We also learned that his discharge from the hospital is still on track. The staff at the hospital feels like there's not much more they can do to help with his recovery that can't be done with outpatient therapy. His discharge could still be Wednesday, although Todd wants it to be tomorrow because he feels that is the next step to his recovery.

This afternoon in his physical therapy, we were given many papers with exercises for him to do when he first comes home. The outpatient therapy for all three areas will be intense, and there will also be lab work done at least twice a week. So, when he's home, our time will be kept even more busy than now, because besides taking him to appointments, the more activities we can do to keep him focused, and even the good sleep he can get will help his brain recover faster.

We want you to know that we are so thankful for all of your prayers being said for Todd and for all of us, and that the prayers are being heard by our Heavenly Father, and we feel the affect of them on each of us, and especially on Todd. There is no doubt in our minds about this. And we are so thankful for meals that are being brought to the house. After intense days, being able to sit down and eat something that has been so kindly prepared has touched our hearts. Thanks to all of you. Please keep remembering Todd in your prayers.

Friday, August 1, 2008

Day 18

Yet another brief post.  My dad said that after another call from the hospital, he and Amy were advised not to go to the hospital again today.  Tomorrow both plan to go.
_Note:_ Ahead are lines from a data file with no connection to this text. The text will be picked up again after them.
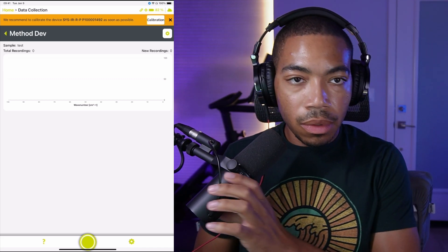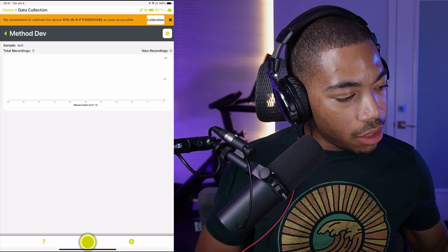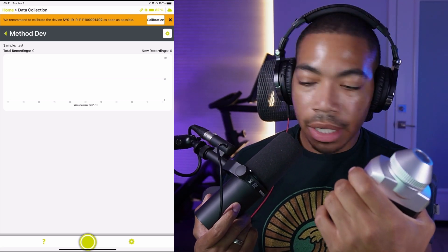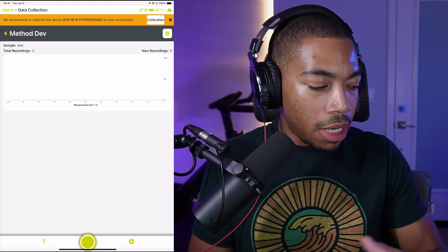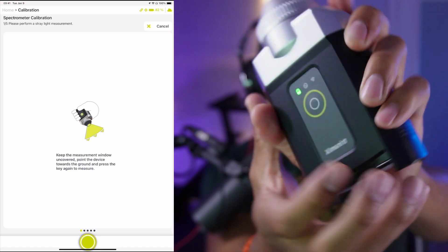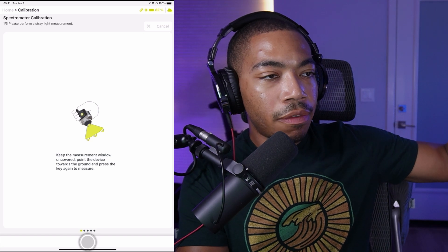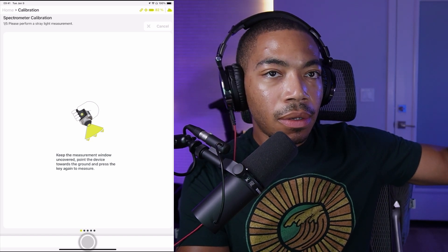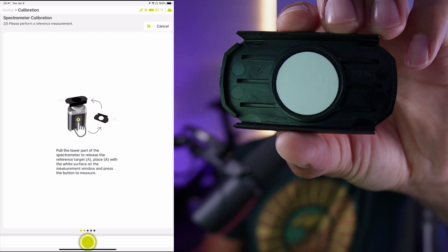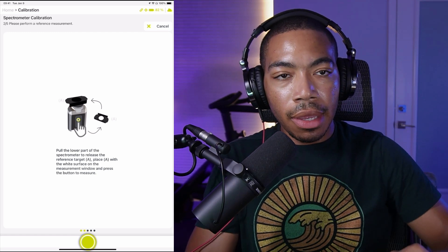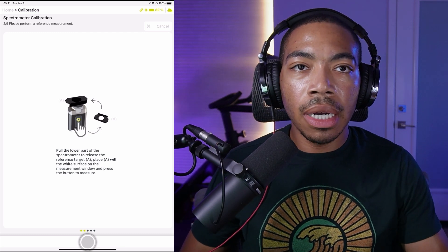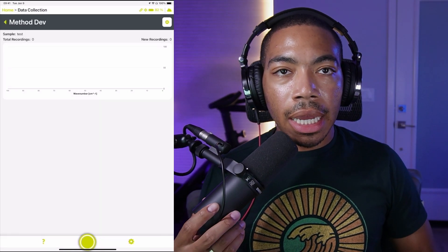Let's switch the camera — it appears I need to calibrate the instrument. I've had this instrument on for a while and it sends a reminder to calibrate before running more samples. The calibration is really simple: I push this button and point it away from me — you might see a flash. Then I place this white surface on top of the device and push the sampling button again.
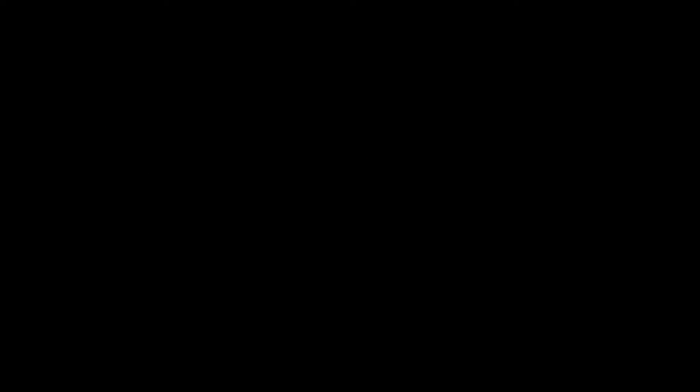You might be wondering, what does porking mean? And the definition is, when you are making pork. Or alternative definition, when you dress up as guinea pigs and have tickle fight.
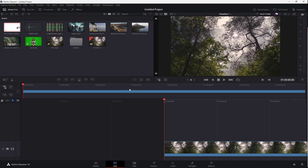So that is how you can import media and media folders inside of DaVinci Resolve. Hope you guys learned something — as always, please like, comment, share, and subscribe.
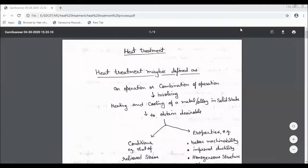This video is called Heat Treatment Process. Heat treatment process is an important process for manufacturing products.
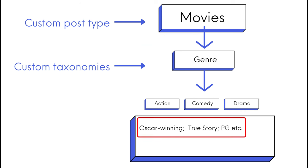And I will create a custom post type and call it movie attributes, and those movie attributes can range from awards, if it is based on a true story, and even the age restriction.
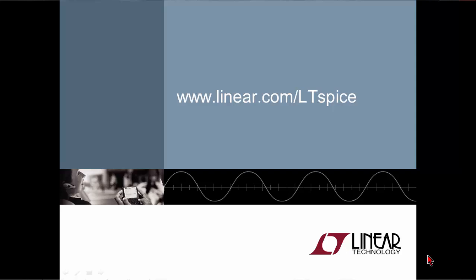For more information or to download a free copy of LTSpice please visit us at www.linear.com/LTSpice. Thank you for watching and I wish you the best in your simulations.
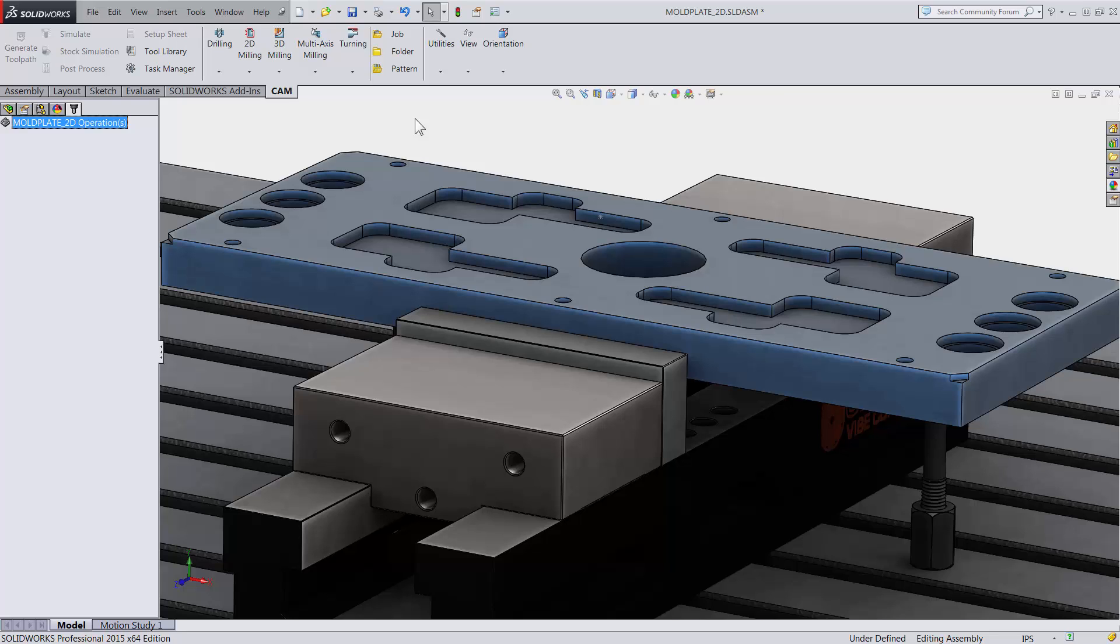The first thing you always want to do when programming in HSMWorks is creating a job setup. This is where we tell the software how things are located on our CNC machine, such as what we are machining, XYZ direction, location and stock.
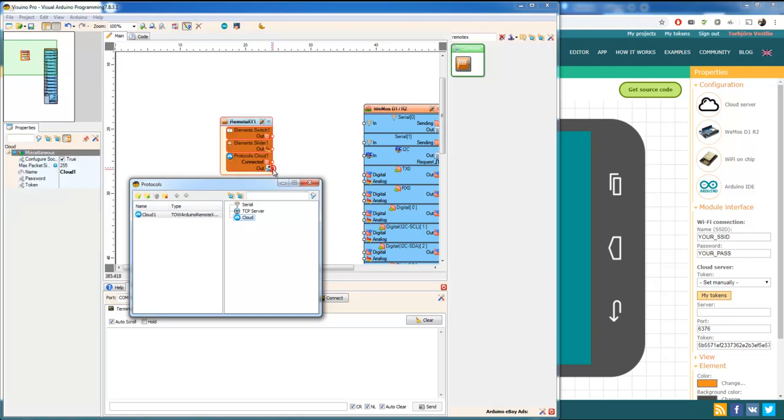We got another connection over here. This one is going to be connected to the socket on the Wemos. We don't have that one yet. We're going to add it.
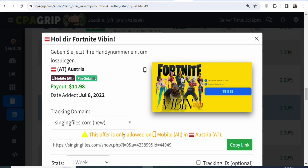This offer is only allowed on all mobile devices in Austria. You don't have to promote it to any country apart from Austria, and the best part is that it is allowed on all mobile devices. Now the next step is that I'm going to show you a cheap traffic source that you can use to get many people who live in Austria to click on your link and then enter the required details for you to make money.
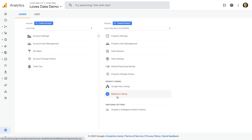The new Google Analytics is also focusing more on machine learning, so if you meet the minimum requirements, you'll also be able to access new predictive metrics that aren't available in your existing Universal Analytics properties.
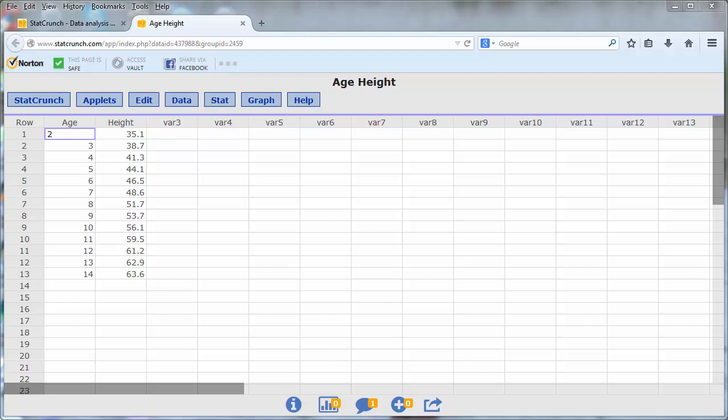As an example, we'll use the data set containing the ages and median heights of boys between the ages of 2 and 14.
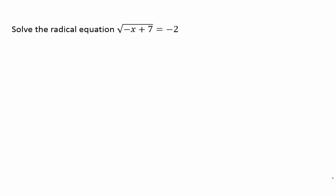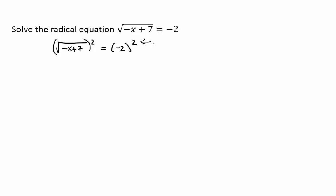Hi, I'm Miss Hearn. Let's get started. A radical equation is just an equation that has a radical in it. Here's an example: square root of negative x plus 7 equals negative 2. We're going to solve that equation. To reverse the operation of taking the square root, we're going to square both sides, and we have to do the same thing on both sides.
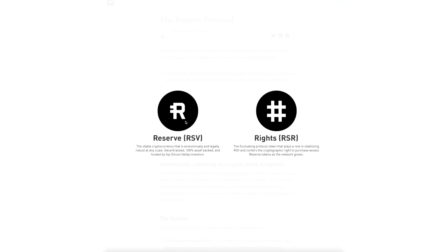RSV is legally and economically robust at any scale. RSV is one hundred percent asset-backed, backed by Silicon Valley, and decentralized — so like Bitcoin, no government can shut it down. Put simply, RSV is money. RSR recapitalizes the network if the value of the vault collateral decreases below a target ratio.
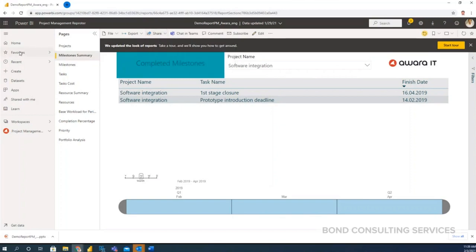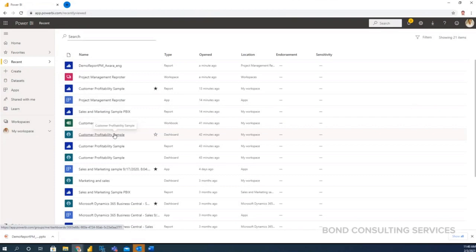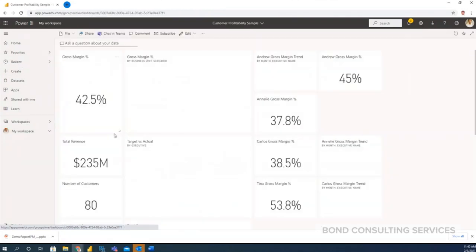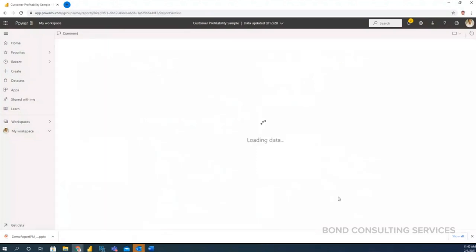And I would like to show one more report which is the financial profitability report.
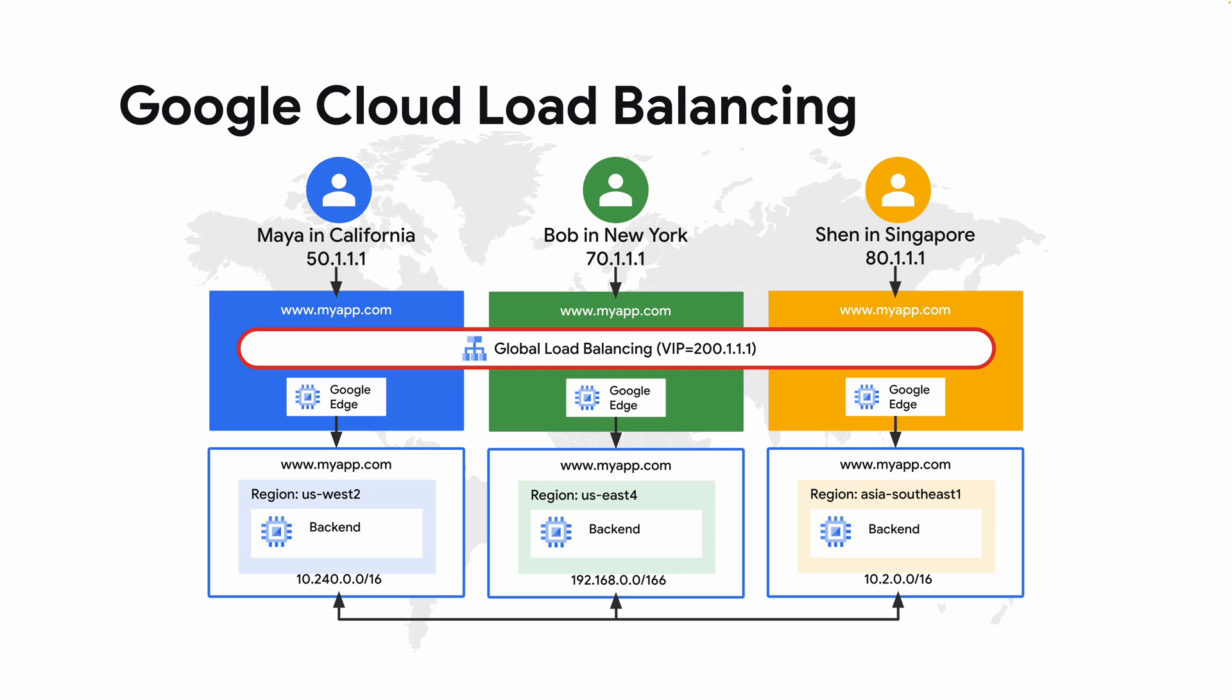Using Google Cloud load balancing you can provide external access to your Apigee instances wherever they're located. Google Cloud load balancing is a globally distributed software-defined managed service for all your API and application traffic.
They said that Todd had his therapy in his room, but didn't say much more than that.  I am sure tomorrow will have a lot more information.

Trust fund info

I went by my local MACU branch today to figure out what the issue was with people not being able to contribute to the trust that has been set up in Todd's name.

Evidently it was set up under the name Todd D Thelin Memorial Fund. So if you go in wanting to contribute, and give the teller his last name, they won't be able to find it. You have to give them that full name (never mind that 90% of people won't know his middle initial, nor is Todd dead or dying).

Thank you, from the bottom of my heart, to those who have already contributed to it, and to everyone who has brought and continue to bring meals to our house and to the hospital, watched Oliver, ran errands, mowed and watered lawns, checked mail, made phone calls, and prayed for us. Your generosity, love, and support are felt and appreciated, and I ask the Lord every single day to pour out his choicest blessings on you.